Write the listing out again word for word, leaving each picture behind.

> **THE RECORDS**:
※
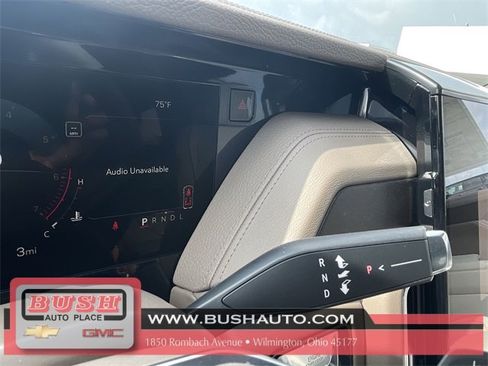 New 2025 GMC Yukon Denali w/ Sun & Power Step Package image 16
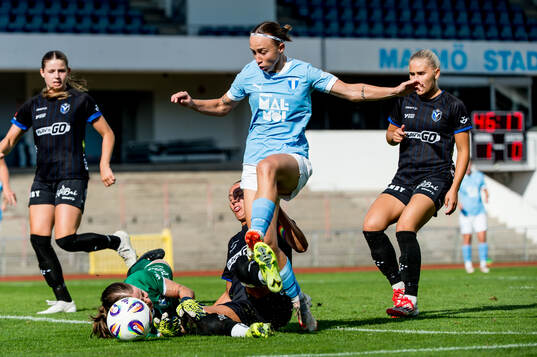 Malmö FFs Miljana Ivanovic och Växjö DFFs målvakt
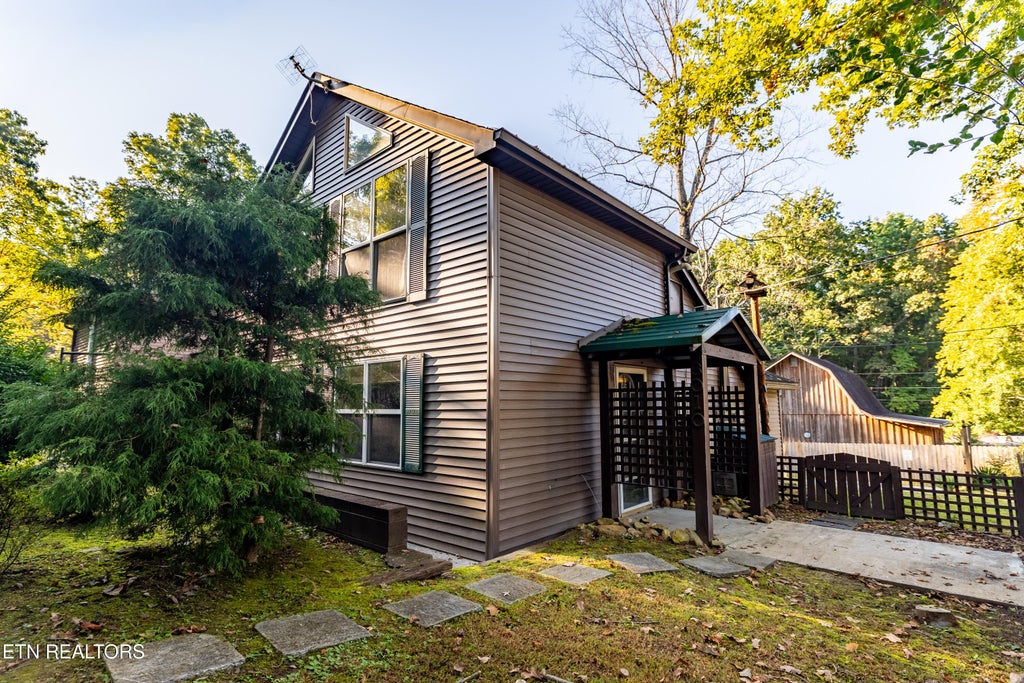 Photo of 6010 Georgia St, Tallassee, TN 37878 (MLS # 1359247)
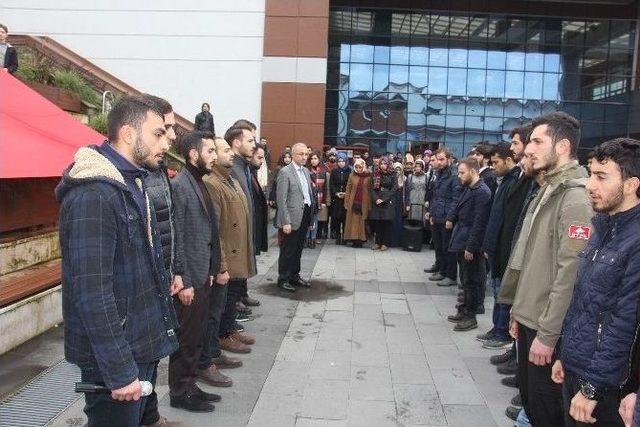 Rteü’de Öğrenciler İstanbul Beşiktaş’taki Terör Saldırısını Lanetledi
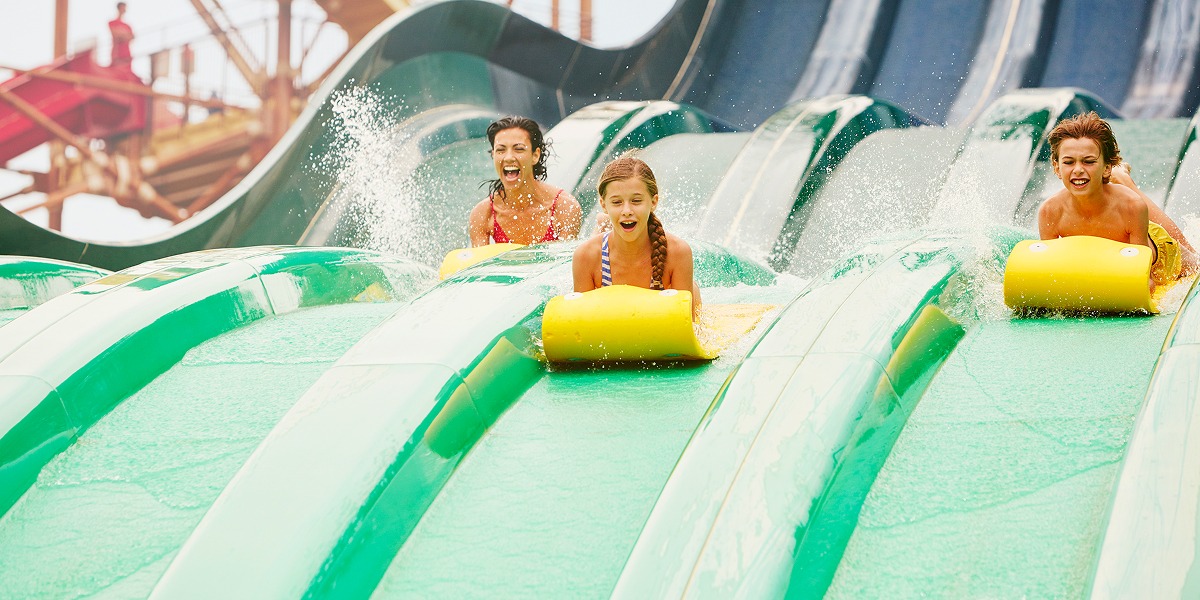 Familia en atracción acuática Caribe Aquatic Park Tarragona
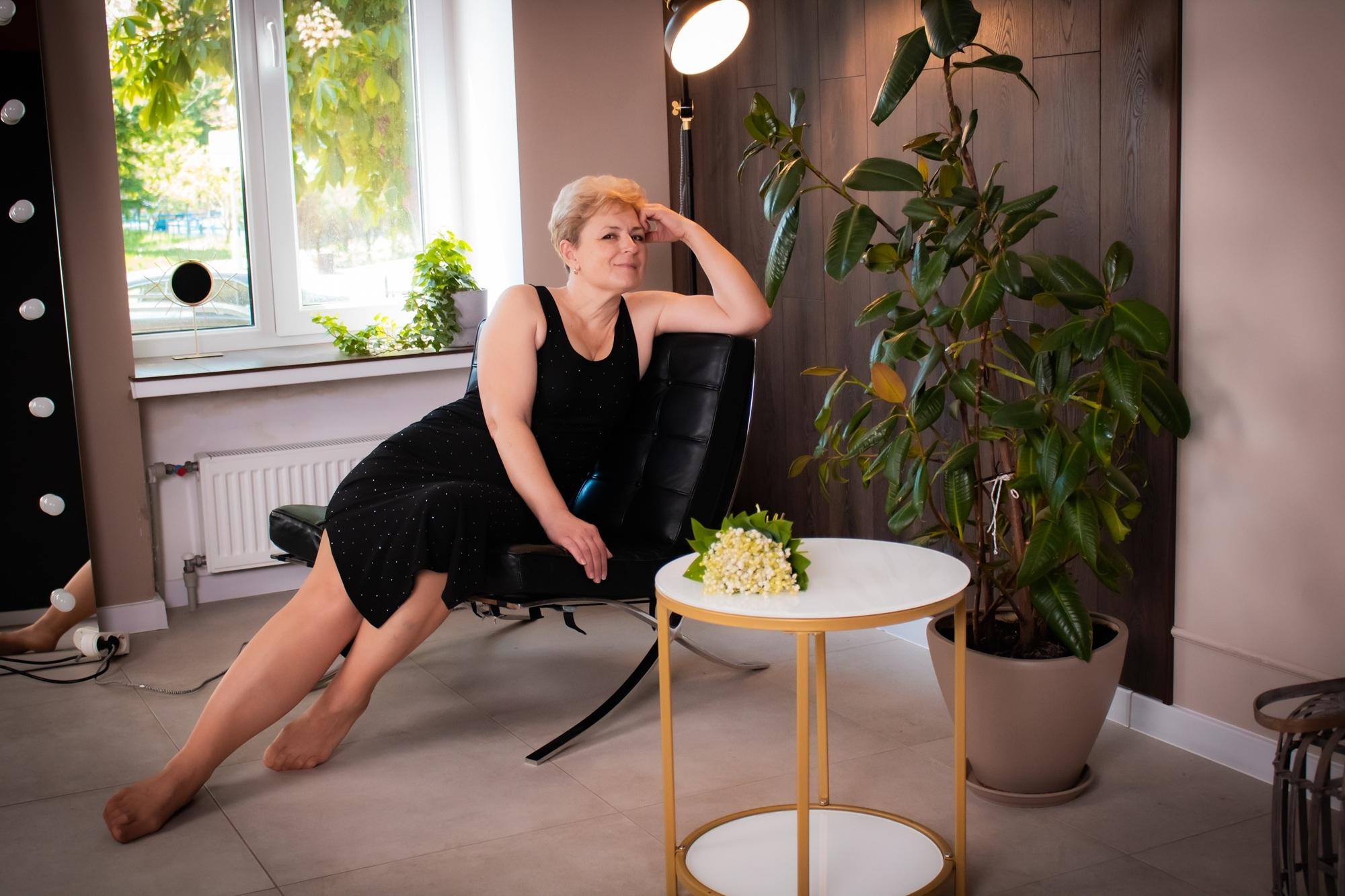 webcam model EmiliaGree from XloveCam webcam model EmiliaGree from XloveCam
※
> **ANSWER BOX**:
 New 2025 GMC Yukon Denali w/ Sun & Power Step Package image 16
 Malmö FFs Miljana Ivanovic och Växjö DFFs målvakt
 Photo of 6010 Georgia St, Tallassee, TN 37878 (MLS # 1359247)
 Rteü’de Öğrenciler İstanbul Beşiktaş’taki Terör Saldırısını Lanetledi
 Familia en atracción acuática Caribe Aquatic Park Tarragona
 webcam model EmiliaGree from XloveCam webcam model EmiliaGree from XloveCam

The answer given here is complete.